SANAT SOKAĞI ve AVLU SANAT

Özel bir nedenle geldiğim Eskişehir’de ziyaretine gittiğim Yılmaz Hoca, Avlu Sanat Kompleksi’nin birkaç gün önce açılmış olmasının sevincini yaşıyordu. Belediye Başkanı Ayşe Ünlüce, belli ki hocasının izinde ve onun önerileriyle, Eskişehir’deki kent ve kültür devrimini aynı hızla sürdürecek. Büyükerşen’in yarattığı bu kent mucizesinin sürekli olması gerektiğini bildiğinden olacak Yılmaz Hoca’yı yanında tutmaya özen gösteriyor ve onun sonsuz proje hayallerinden yararlanıyor. 

***

Ayşe Başkan, Odunpazarı bölgesinde, Sanat Sokağı’nın hemen yanında yer alan Avlu Sanat Kompleksi’nin açılışında; “Eskişehir’den yükselen bu sanat ateşi, bütün ülkeyi sarsın!” dileğinde bulunmuş. Keşke bütün CHP’li belediye başkanları onun bu dileğini duysalar da artık kendini sadece kültüre adamış olan Büyükerşen’den yararlanma akıllılığını gösterseler. 

BÜYÜKERŞEN KARİKATÜRLERİ 

Avlu Sanat Kompleksi içinde çok sayıda müzeden ikisinden söz etmem gerekiyor:  

Yılmaz Büyükerşen Karikatür Müzesi’nde Yılmaz Hoca’nın ortaokuldan beri çizdiği ve gençliğinde çeşitli dergi ve gazetelerde yayınlanmış olan karikatürleri ile değişik karikatürcüler tarafından geçmişte çizilmiş olan Yılmaz Büyükerşen karikatürleri var. 

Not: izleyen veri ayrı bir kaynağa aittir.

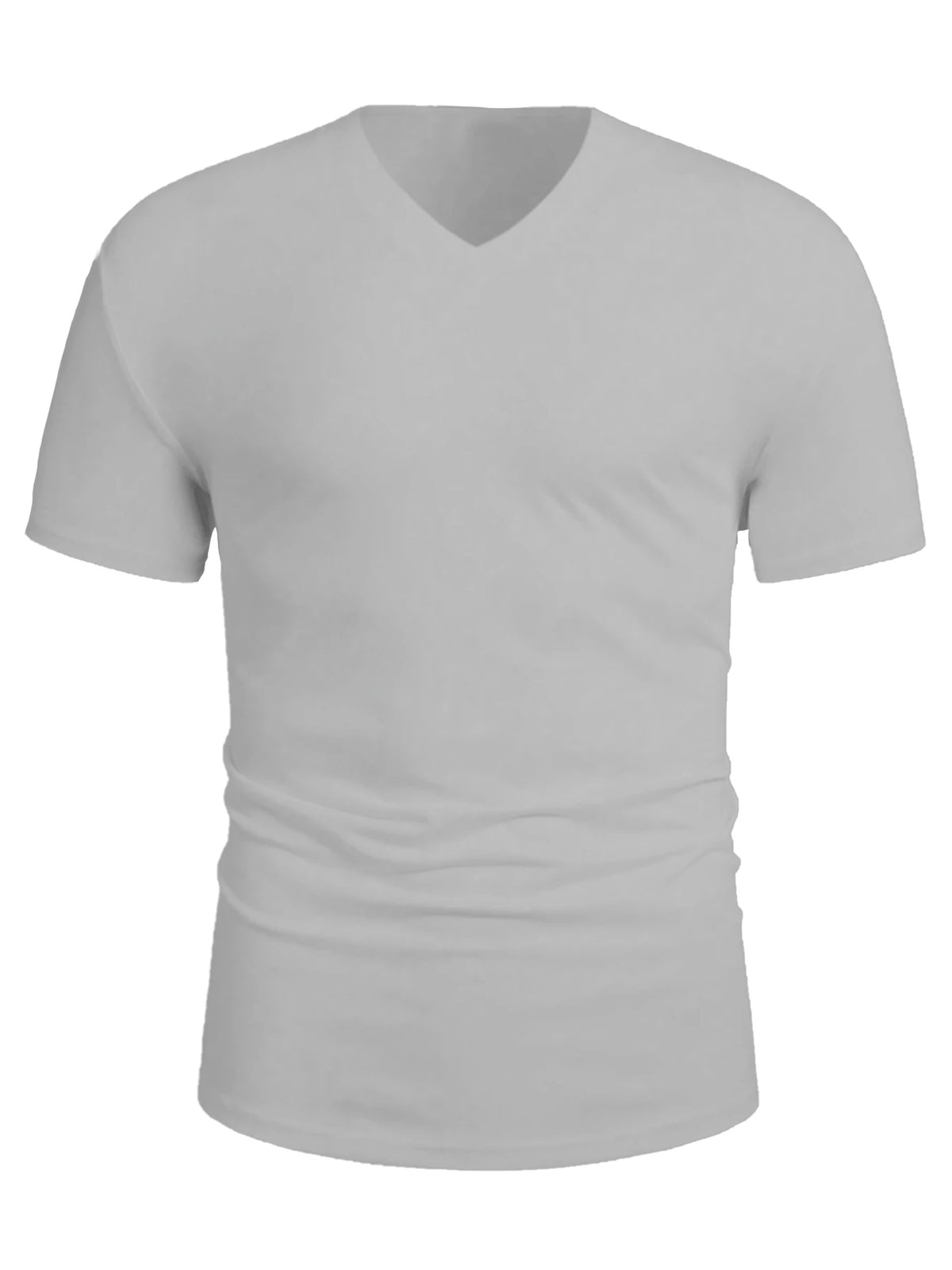 2025 Summer V Collar Mens T Shirt Solid Color Short Sleeved T-Shirt For Male Tops Tees Polyester Men Tights Slim Man Gym Tshirt
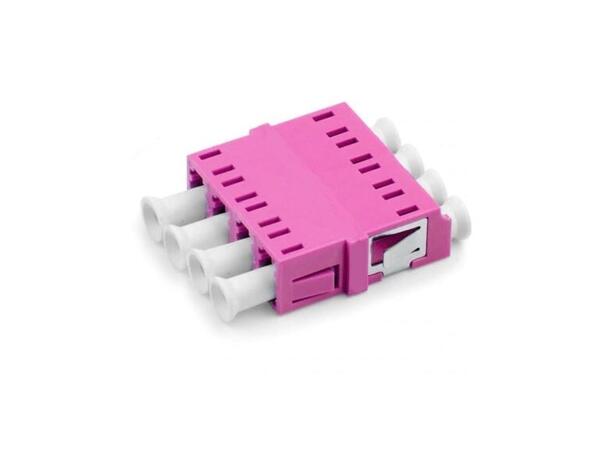 Adapter MM LC-QUAD OM4 Erika Fiolett Med flens, metall klips, keramisk hylse 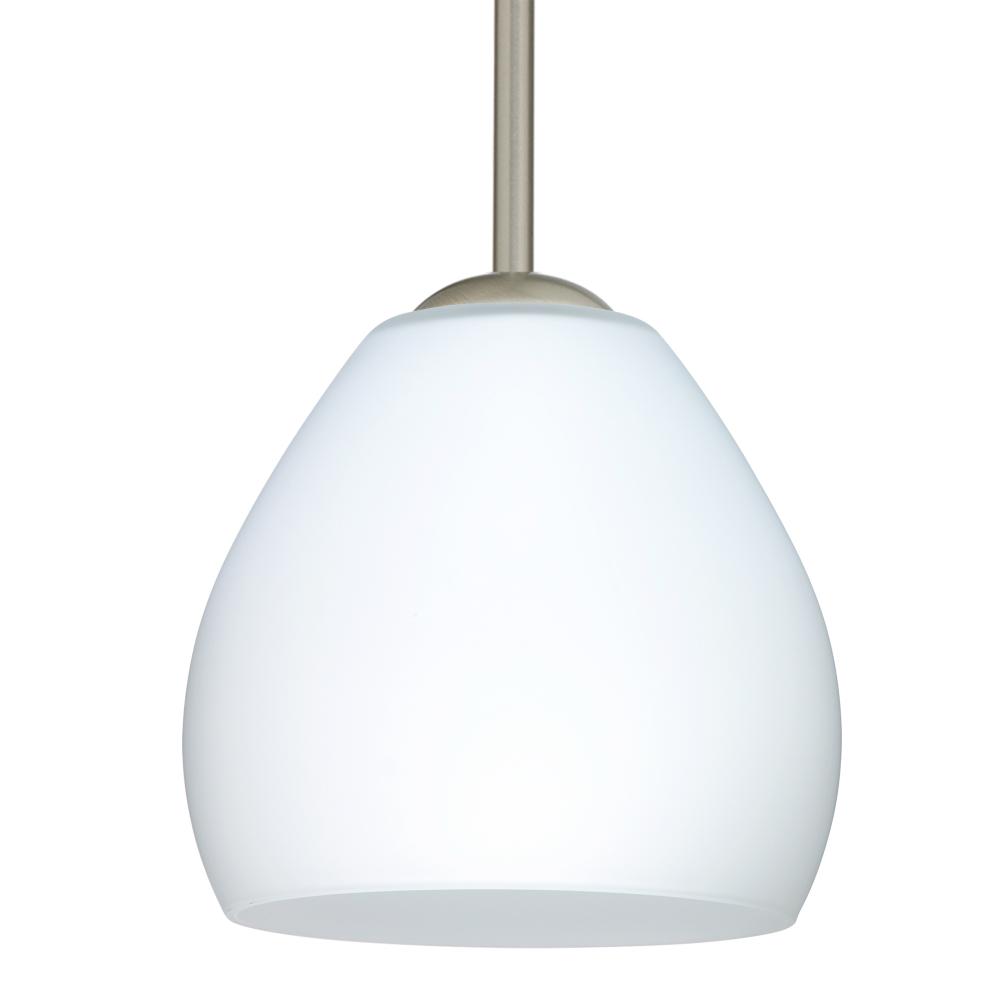 Besa Bolla Pendant Opal Matte Satin Nickel 1x40W B10 Medium base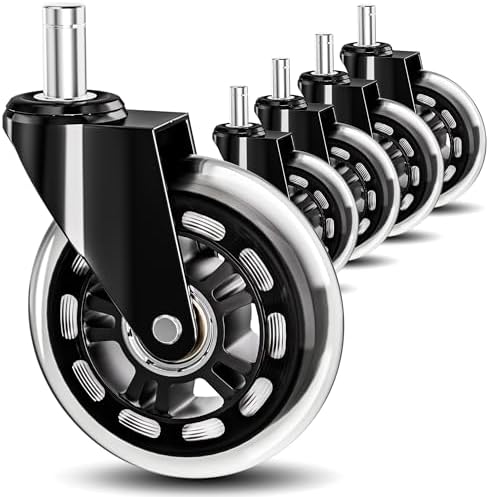 10mm 1KEA Office Chair Wheels Casters Replacement 3 Inch Roller Blade Style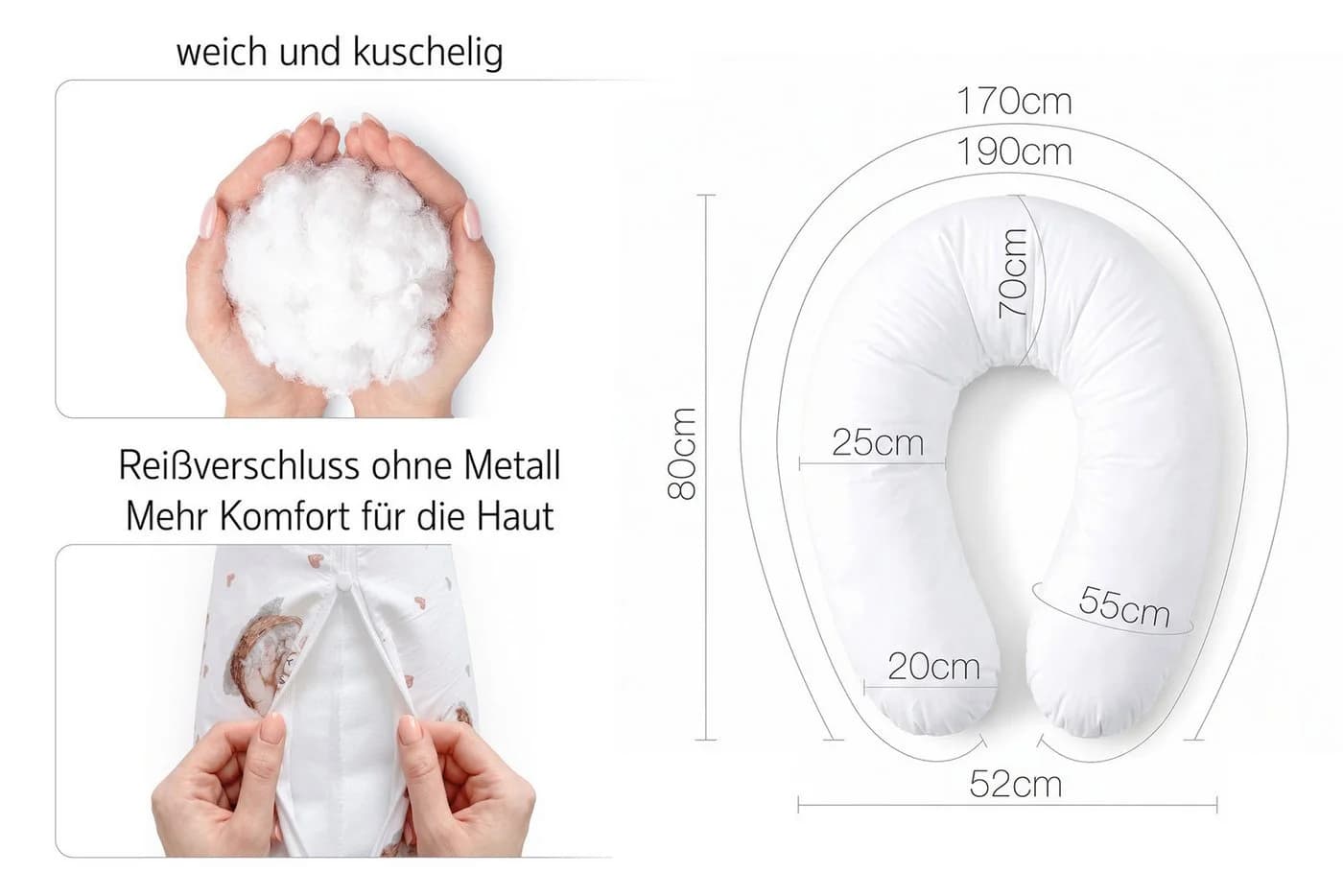 Amilian Stillkissen XXL 170 cm Beige - Bild 4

Yılmaz Hoca’nın kendi çizdiği karikatürleri görünce, onun söylediği; “İlk paramı karikatürden kazandım!” sözünün ne anlama geldiğini daha iyi anlıyor insan. 

***

Kendi çizdiği karikatürlerin bir kitapçık haline getirilip getirilemeyeceğini sorduğumda, Yılmaz Hoca karşı çıkmadı. Belki içinden geçiyordu da “etik olarak” isteyemiyordu, kim bilir! 

Bir de “Zühal Yorgancıoğlu Moda ve Tasarım Müzesi” ile bu müzede Yılmaz Hoca’nın yaptığı Zühal Yorgancıoğlu’nun balmumu heykelini görmek ayrı bir heyecan oldu. Neden İzmir’de değil de Eskişehir’de diye sormamak gerekir. Çünkü, Yılmaz Büyükerşen’in Eskişehir’i bir müzeler kenti!